To find out how you can apply for Olympic Games tickets, please visit the London 2012 Organising Committee (LOCOG) ticketing website.

London Olympic Venues

The 26 sports of the London Olympics will take place in 28 venues.

Where are the Games being held?
A large majority of the 2012 Olympic and Paralympic Games will be held in the Old Park in Stratford in East London. Events will also be held in other venues across London and the UK (England, Scotland and Wales).

Olympic Park Venues

Aquatics Centre
Sports - Swimming, diving, synchronised swimming, modern pentathlon (swimming) and water polo.

Basketball Arena
Sports - Basketball, handball finals

Eton Manor
Sports - Aquatics training, wheelchair tennis
Facts - A new 130m-high wind turbine will also be located at Eton Manor. It will help provide power to the park during and after the Games, generating energy for the equivalent of 1,000 homes.

Handball Arena
Sports - Handball, goalball, modern pentathlon (fencing)

Hockey Centre
Sports - Hockey

Olympic Stadium
Sports - Athletics, opening and closing ceremonies.

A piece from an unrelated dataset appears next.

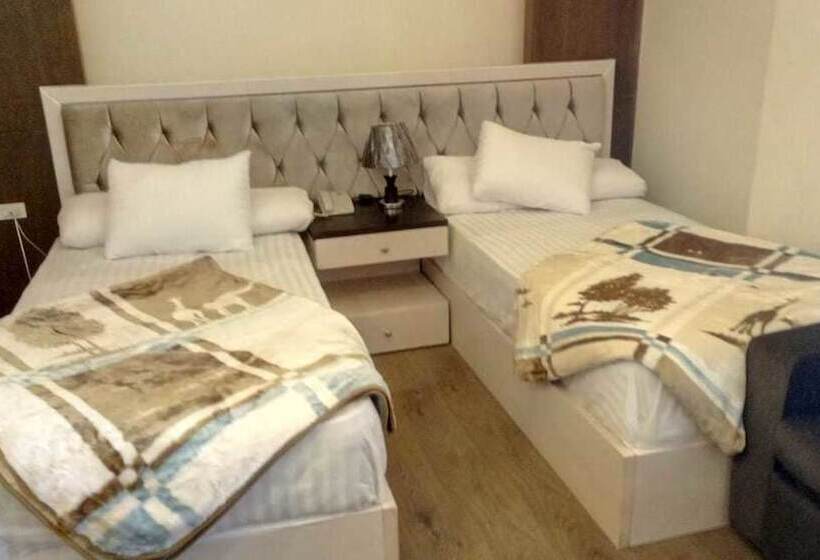 Deluxe room with river view, Horizon Loaloat El Nile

Sports - Cycling Track, Cycling BMX

London Olympic Venues

Earls Court is in West London
Sport: Volleyball
About Earls Court - From exhibitions and conferences to live music, Earls Court holds hundreds of events each year attended by visitors from around the world.

ExCeL London - is situated near London City Airport in east London's Royal Victoria Dock.Sport: Boxing, Fencing, Judo, Table Tennis, Taekwondo, Weightlifting, Wrestling, Boccia, Paralympic Table Tennis, Paralympic Judo, Paralympic Powerlifting, Volleyball (Sitting), Wheelchair Fencing

Greenwich Park on the south bank of the River Thames in south east London. Sport: Equestrian events - Jumping, Dressage and Eventing, Paralympic Equestrian, Modern Pentathlon About Greenwich Park - Includes the Old Royal Naval College and National Maritime Museum, which, together with Greenwich Park, are part of a World Heritage Site. It is London's oldest Royal Park, dating back to 1433. It has been a World Heritage Site since 1997. Within the park is The Royal Observatory and the home of Greenwich Mean Time at Longitude 0°.

Horse Guards Parade in Whitehall, the political centre of the UK. Sport: Beach Volleyball About Horse Guards Parade - Dates from 1745 and takes its name from the soldiers who have provided protection for the monarch since the restoration of the monarchy in 1660. The parade ground lies at the heart of London's ceremonial life, and hosts the Trooping of the Colour event that takes place on the Queen's official birthday each year.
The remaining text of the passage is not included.